Следующим пунктом остановки штаба армии был венгерский город Комарно. Мой друг Блоха встретил меня и разместил в небольшом домике в отдельной комнате у мадьяра. Хозяин дома был в российском плену еще в Первую мировую войну и привез на Дунай русскую Матрену, которая к тому времени уже в Бозе почила. Их великовозрастная дочь неплохо говорила по-русски и была рада, что поставили на постой одного офицера, а не отделение солдат. Она указала мне на широкую кровать. В комнате был радиоприемник, я включил его на московскую волну и узнал, что в столице нашей Родины состоится в этот день Парад Победы.

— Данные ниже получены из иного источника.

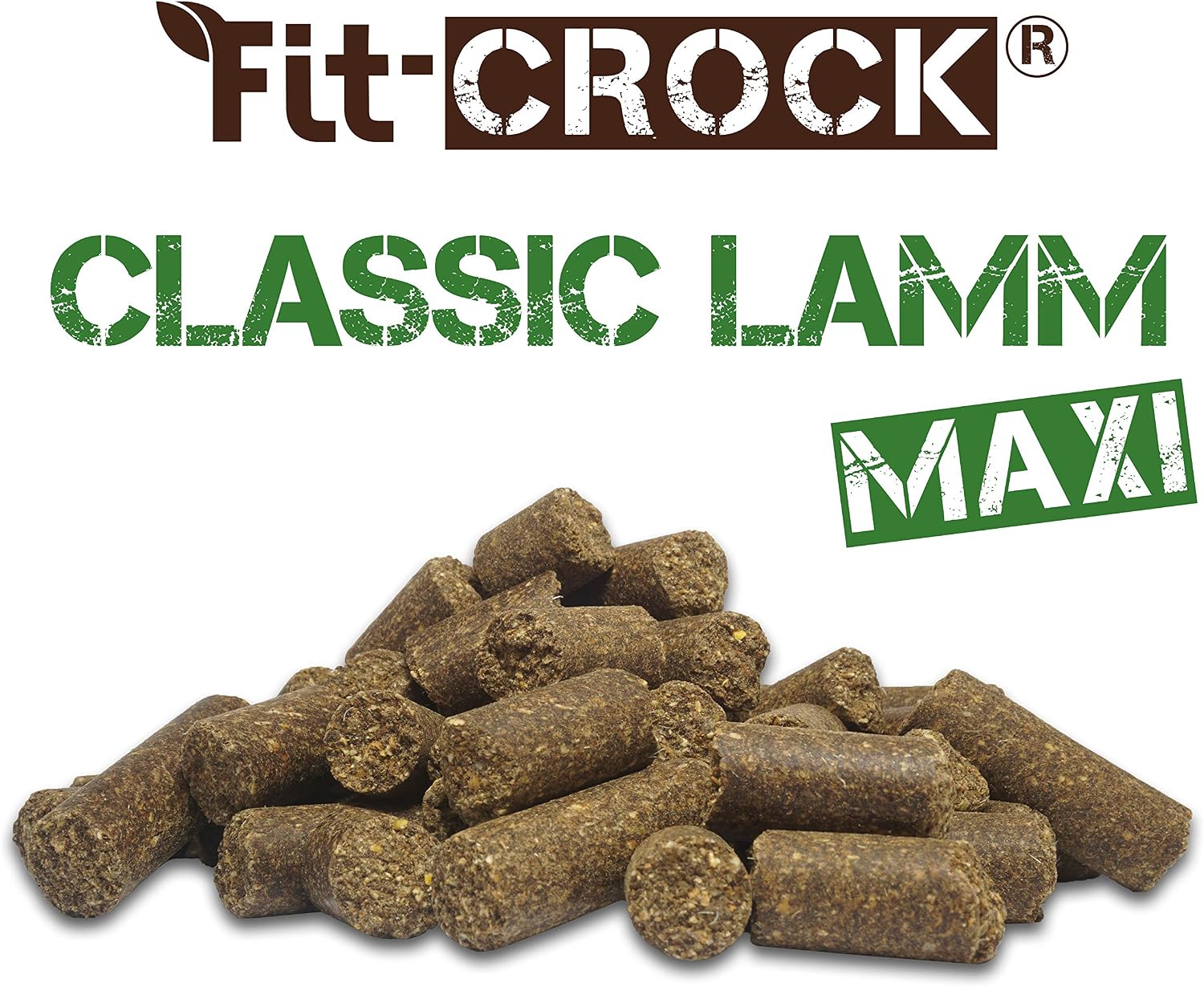 cdVet Fit-Crock Classic Lamb Maxi 10 kg, 10 kg (Pack of 1) - Image 3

Блоха со смущением объявил мне, что, к великому сожалению, ему приказано быть при нашем начальнике, где он и расположился. Завтрак в нашей столовой был готов. После завтрака мы решили пойти на Дунай покупаться в его голубых волнах. Было жарко, и мы провели там весь день с перерывом на обед. У меня сохранился даже маленький снимок того проведенного дня.
После ужина я возвратился в знакомый домик. На пороге меня встретила дочь хозяина и с большим смущением заявила, что после моего ухода в эту же комнату другой майор подселил еще и русскую «леди», хотя она предупреждала и даже показывала мои вещи. Но они ответили, что так надо им обоим.
Я смутился. И вдруг слышу возглас Анны, которая уже была в постели и ждала меня с «распростертыми объятиями» в прямом смысле. Я зашел и молча вынес свой чемодан и мешок с постелью. Землячка заревела, пообещала сама уйти и принялась хватать одежду, чтобы одеться. Но у меня уже выхватила чемодан соседка-мадьярка и приглашала во флигель в том же дворе. Я последовал за ней, и она указала мне постель в отдельной комнатке. А для снятия неприятного инцидента она сыграла бравурный марш на пианино.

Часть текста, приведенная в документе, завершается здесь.